Всякая великая душа, всякая искренняя душа не знает, что она такое, и то возносится на высочайшую высоту, то ниспровергается в глубочайшую бездну. Менее всего другого человек может измерить самого себя! То, за что принимают его другие, и то, чем он кажется самому себе, по собственным догадкам, эти два заключения странным образом воздействуют одно на другое, определяются одно через другое. Все люди благоговейно удивляются ему. Его собственная дикая душа преисполнена благородного пыла и благородных стремлений; хаотического бурного мрака и славного нового света. Чудная вселенная блещет вокруг него во всей своей божественной красоте, и нет человека, с которым когда-либо происходило бы что-нибудь подобное, – что же он мог думать после всего этого о самом себе, кто он? Вотан? Все люди отвечали: «Вотан!»
А затем подумайте, что делает одно только время в подобных случаях, как человек, если он был велик при жизни, становится еще в десять раз более великим после своей смерти. Какую безмерно увеличивающую камеру-обскуру представляет традиция! Как всякая вещь увеличивается в человеческой памяти, воображении, когда любовь, поклонение и все, чем дарит человеческое сердце, оказывают тому свое содействие. И притом во тьме, полном невежестве, без всякой хронологии и документов, при совершенном отсутствии книги и мраморных надписей: лишь то там, то здесь несколько немых надгробных памятников. Но ведь там, где вовсе нет книг, великий человек лет через тридцать – сорок становится мифическим, так как все современники, знавшие его, вымирают. А через триста, а через три тысячи лет!..
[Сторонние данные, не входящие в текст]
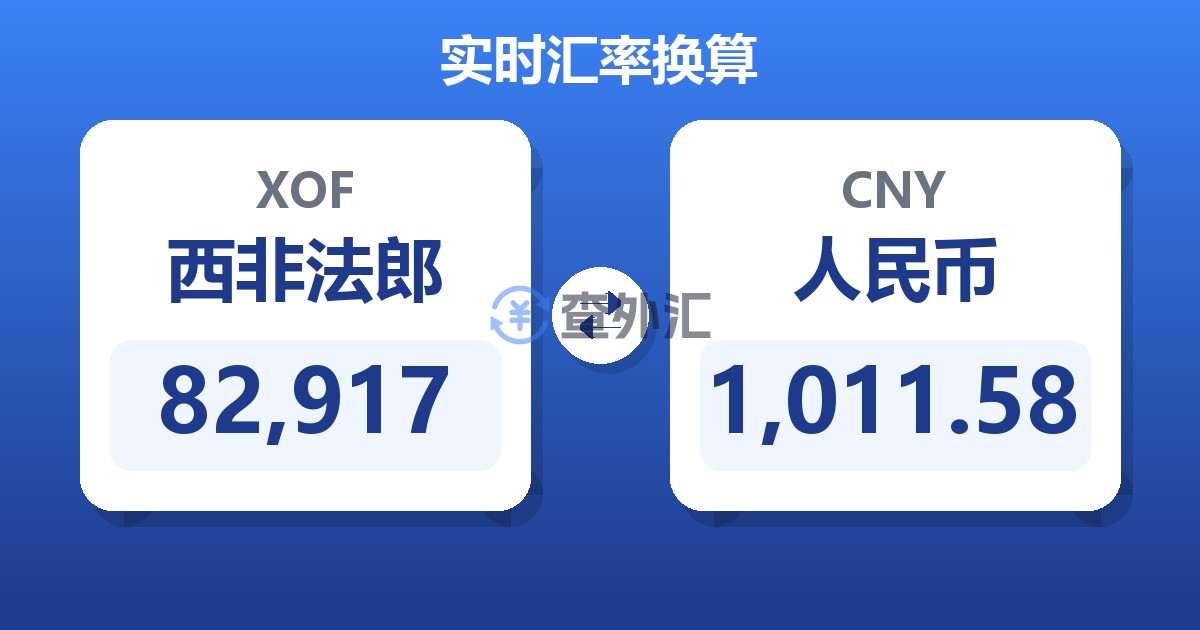 82,917西非法郎兑人民币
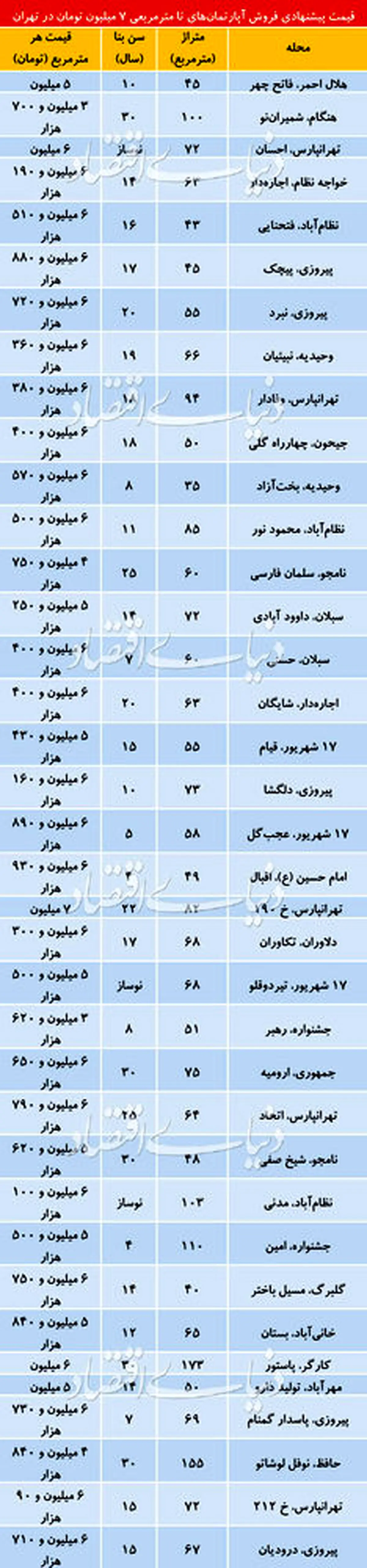 جدول قیمت آپارتمانهای پیر در تهران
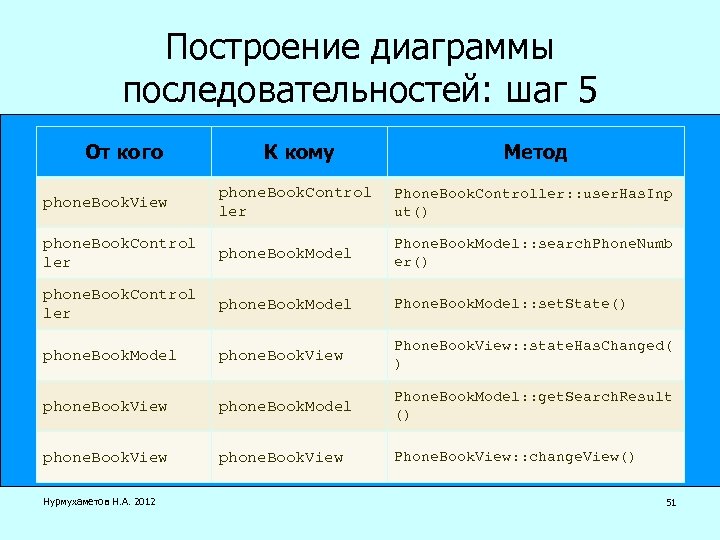 Построение диаграммы последовательностей: шаг 5 От кого К кому Метод phone. Book. View phone.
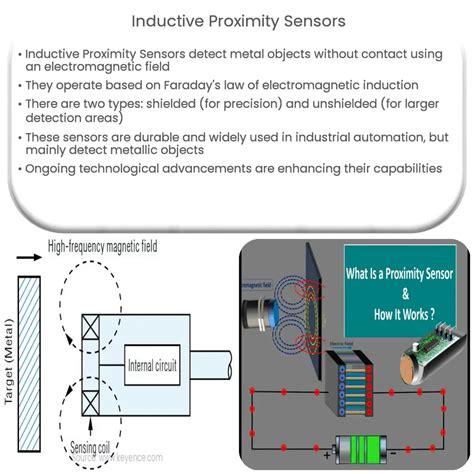 Measur with Inductive Proximity Sensor Arduino 的图像结果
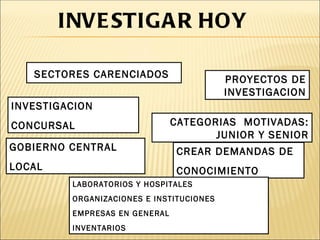 INVE STIGA R HOY

   SECTORES CARENCIADOS                   PROYECTOS DE
                                          INVESTIGACION
INVESTIGACION
CONCURSAL                      CATEGORIAS MOTIVADAS:
                                      JUNIOR Y SENIOR
GOBIERNO CENTRAL                CREAR DEMANDAS DE
LOCAL                           CONOCIMIENTO
         LABORATORIOS Y HOSPITALES
         ORGANIZACIONES E INSTITUCIONES
         EMPRESAS EN GENERAL
         INVENTARIOS
 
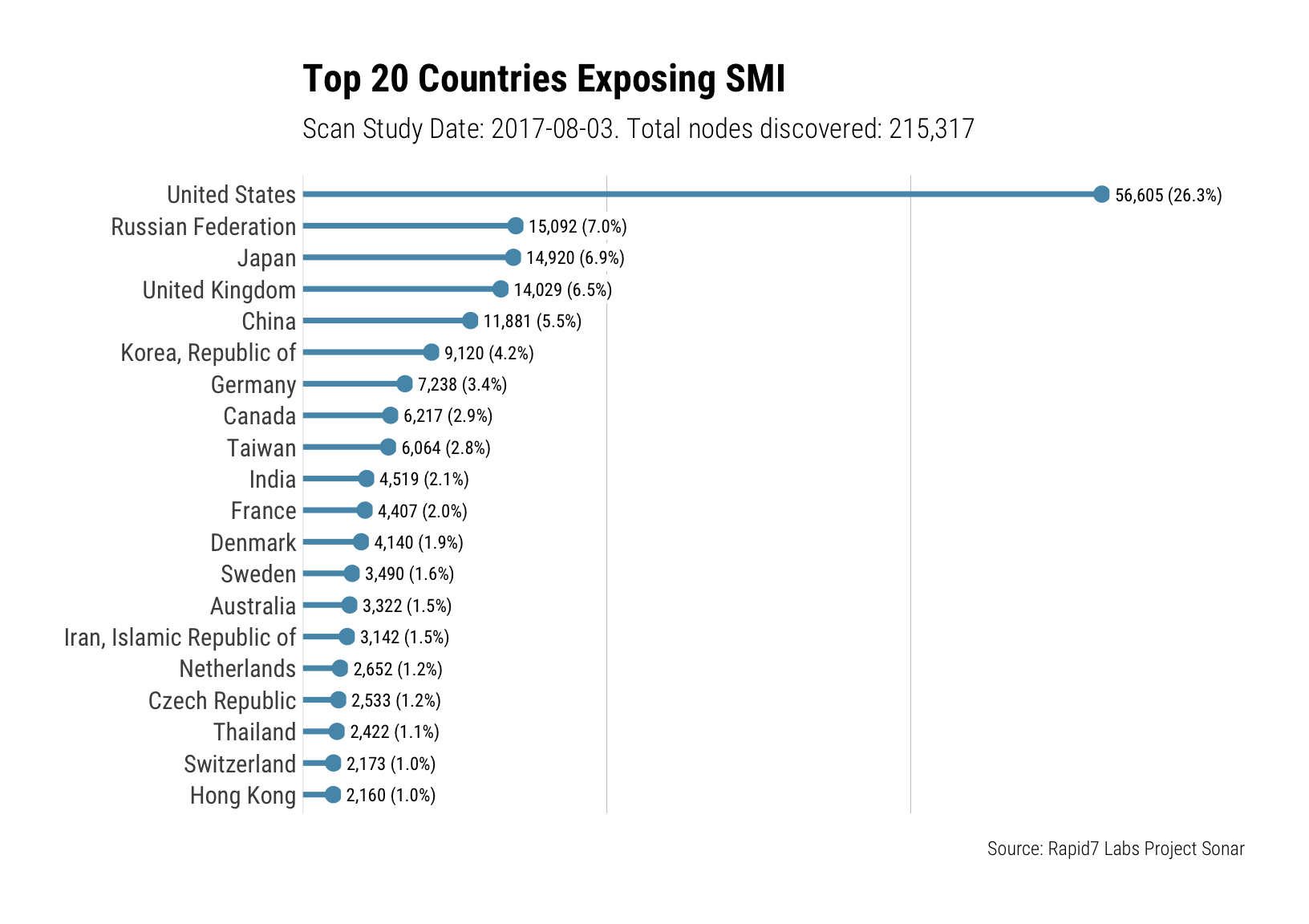 Countries Exposing SMI on 4786/TCP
Всякая попытка теоретизировать о подобных вопросах принесет мало пользы. Эти вопросы не укладываются в теоремы и диаграммы; логика должна знать, что она не может решить их. Удовлетворимся тем, если мы можем разглядеть в отдалении, самой крайней дали, некоторое мерцание как бы некоего незначительного реального светила, находящегося в центре этого громадного изображения камеры-обскуры. Если мы разглядим, что центр всей картины составляет вовсе не безумие или ничто, но здравый смысл и нечто.
Этот свет, возжженный в громадной, погруженной во тьму пучине скандинавской души, но в пучине живой, ожидающей только света. Этот свет, по моему мнению, представляет центр всего. Как затем он будет гореть и распространяться, какие примет формы и цвета, рассеиваясь удивительным образом на тысячу ладов, – это зависит не столько от него самого, сколько от народного духа, его воспринимающего. Цвет и форма света изменяются в зависимости от призмы, через которую он проходит. Странно подумать, как самый достоверный факт в глазах разных людей принимает самые разнообразные формы сообразно природе человека!